After killing the captors of the President's son in stage 3, Ralf and Clark secure the hostage and request to be extracted, only to be ambushed by the troops of Crime Ghost along with their rescue helicopter being shot down. The soldiers of Crime Ghost then recapture the hostage and take him further away from the rescuers themselves. But no matter: after venturing into more hostile territories Ralf and Clark in the end defeat all the soldiers of Crime Ghost and this time secure the captive boy.

But there's one more mission to be fulfilled: Ralf and Clark now must move to the extraction point with the boy in tow, and the remaining soldiers of Crime Ghost would do everything in their power to stop them from reaching the rescue plane. And the main army of Crime Ghost is still following closely behind the three of them.

After the final mission's successfully completed Ralf and Clark manage to secure the boy and ride home in the rescue plane back to their home country. Because their mission was top-secret to begin with, Ralf and Clark's deed will never be known to the public.

(After the failure of Crime Ghost's plans, it's unknown what happened to them thereafter.)

===NES version===
Crime Ghost is a terrorist organization which emerged after a worldwide economic recession at the end of the 20th century.
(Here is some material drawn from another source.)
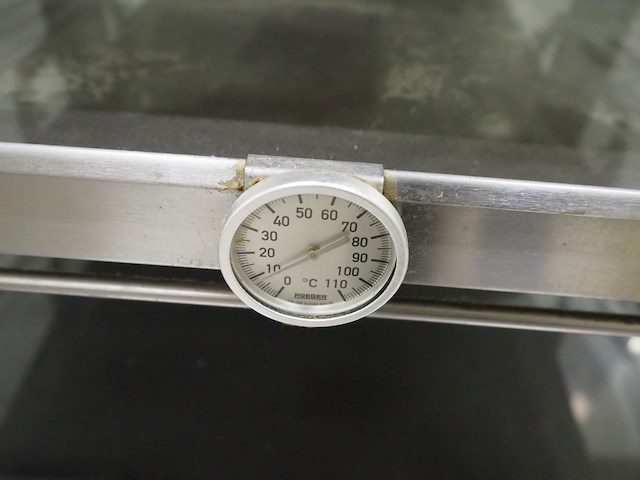 Nn showcase - afbeelding 7 van  8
Composed of dangerous criminals and disgruntled soldiers, it has already infiltrated most countries of the world to spread its influence, seeking to take over the world and plunge it into chaos and anarchy.

The president of an unnamed country decides to fight them, creating a secret plan to destroy the evil organization, but somehow they learn about his plans and attack the president's house, along with kidnapping his daughter Elise. They then send a blackmail letter to the president, asking him to resign his position in a number of days or else they will have Elise executed. Desperate, the president hires Paul and Vince, the Ikari Warriors, and sends them to infiltrate Crime Ghost's hideout, rescue Elise and defeat their megalomaniacal leader.

(From here on, with some few original tweaks, the story of NES version is identical to the arcade game's counterpart. However, unlike the arcade version Paul and Vince must have a final showdown against Faust, the supreme leader of Crime Ghost at the final extraction point.)

==Development==
The game was inspired by the release of the movie Rambo III (1988), where Sylvester Stallone's titular character appeared more stronger and tougher than ever, and the film properly showcased John Rambo's hand-to-hand combat skills without him rushing to kill tough soldiers. SNK aimed for going the same direction with Ralf and Clark in Ikari III.

While the game still uses the rotary joystick like the previous Ikari Warriors games, an 8-way directional version exists that forgoes the rotary feature altogether, in which the mechanics are similar to SNK's previous cooperative arcade-to-NES beat 'em up, P.O.W.: Prisoners of War (1988).

== Legacy ==

=== Other games ===
The characters Ralf and Clark appeared again as playable characters in Metal Slug 6 and 7, as well as in The King of Fighters series. Their names were used for two minor unrelated characters in Crystalis, and they were featured as cameos in Super Smash Bros. Ultimate as background characters in the King of Fighters Stadium stage.

=== Re-releases ===
The game is included in SNK 40th Anniversary Collection. Hamster Corporation released the game as part of their Arcade Archives series for the Nintendo Switch and PlayStation 4 on March 26, 2020.